• Exercise materials:
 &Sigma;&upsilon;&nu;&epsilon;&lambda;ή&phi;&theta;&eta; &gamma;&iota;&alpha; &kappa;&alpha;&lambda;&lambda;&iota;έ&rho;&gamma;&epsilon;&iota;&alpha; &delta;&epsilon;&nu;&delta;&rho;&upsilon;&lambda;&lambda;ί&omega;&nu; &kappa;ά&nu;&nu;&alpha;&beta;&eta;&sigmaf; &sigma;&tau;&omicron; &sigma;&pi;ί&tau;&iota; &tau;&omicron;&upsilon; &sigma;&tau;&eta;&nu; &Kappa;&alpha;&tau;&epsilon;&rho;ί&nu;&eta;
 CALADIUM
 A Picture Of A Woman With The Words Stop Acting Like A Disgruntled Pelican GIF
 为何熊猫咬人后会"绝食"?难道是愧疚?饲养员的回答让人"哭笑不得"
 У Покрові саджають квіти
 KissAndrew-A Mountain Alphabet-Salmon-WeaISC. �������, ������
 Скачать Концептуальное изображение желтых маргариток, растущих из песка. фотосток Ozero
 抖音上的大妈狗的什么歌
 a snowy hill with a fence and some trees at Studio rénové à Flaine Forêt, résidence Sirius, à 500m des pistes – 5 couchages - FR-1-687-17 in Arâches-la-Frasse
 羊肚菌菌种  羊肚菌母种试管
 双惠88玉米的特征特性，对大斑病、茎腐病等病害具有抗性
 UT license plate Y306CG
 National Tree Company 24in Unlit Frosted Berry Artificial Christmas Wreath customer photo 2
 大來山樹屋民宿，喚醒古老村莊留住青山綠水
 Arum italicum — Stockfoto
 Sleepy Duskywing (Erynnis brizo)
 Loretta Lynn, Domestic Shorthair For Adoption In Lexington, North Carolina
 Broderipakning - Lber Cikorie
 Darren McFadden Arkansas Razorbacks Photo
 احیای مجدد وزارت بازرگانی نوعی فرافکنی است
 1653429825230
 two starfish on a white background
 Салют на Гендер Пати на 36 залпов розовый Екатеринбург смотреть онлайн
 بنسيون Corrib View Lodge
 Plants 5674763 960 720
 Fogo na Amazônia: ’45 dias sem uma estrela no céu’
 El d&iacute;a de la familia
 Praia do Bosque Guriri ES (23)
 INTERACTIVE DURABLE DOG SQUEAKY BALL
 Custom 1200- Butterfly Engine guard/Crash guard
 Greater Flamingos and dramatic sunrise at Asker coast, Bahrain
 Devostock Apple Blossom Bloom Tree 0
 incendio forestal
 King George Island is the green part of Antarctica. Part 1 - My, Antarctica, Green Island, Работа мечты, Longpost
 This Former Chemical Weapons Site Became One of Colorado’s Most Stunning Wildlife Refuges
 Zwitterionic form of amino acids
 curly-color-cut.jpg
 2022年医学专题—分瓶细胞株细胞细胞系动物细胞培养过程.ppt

• Task to carry out:
Taking the entries above, write out exactly the lines starting with the line containing "Broderipakning - Lber Cikorie" and going on through the line containing "King George Island", both included, and nothing else.

• Worked solution:
 Broderipakning - Lber Cikorie
 Darren McFadden Arkansas Razorbacks Photo
 احیای مجدد وزارت بازرگانی نوعی فرافکنی است
 1653429825230
 two starfish on a white background
 Салют на Гендер Пати на 36 залпов розовый Екатеринбург смотреть онлайн
 بنسيون Corrib View Lodge
 Plants 5674763 960 720
 Fogo na Amazônia: ’45 dias sem uma estrela no céu’
 El d&iacute;a de la familia
 Praia do Bosque Guriri ES (23)
 INTERACTIVE DURABLE DOG SQUEAKY BALL
 Custom 1200- Butterfly Engine guard/Crash guard
 Greater Flamingos and dramatic sunrise at Asker coast, Bahrain
 Devostock Apple Blossom Bloom Tree 0
 incendio forestal
 King George Island is the green part of Antarctica. Part 1 - My, Antarctica, Green Island, Работа мечты, Longpost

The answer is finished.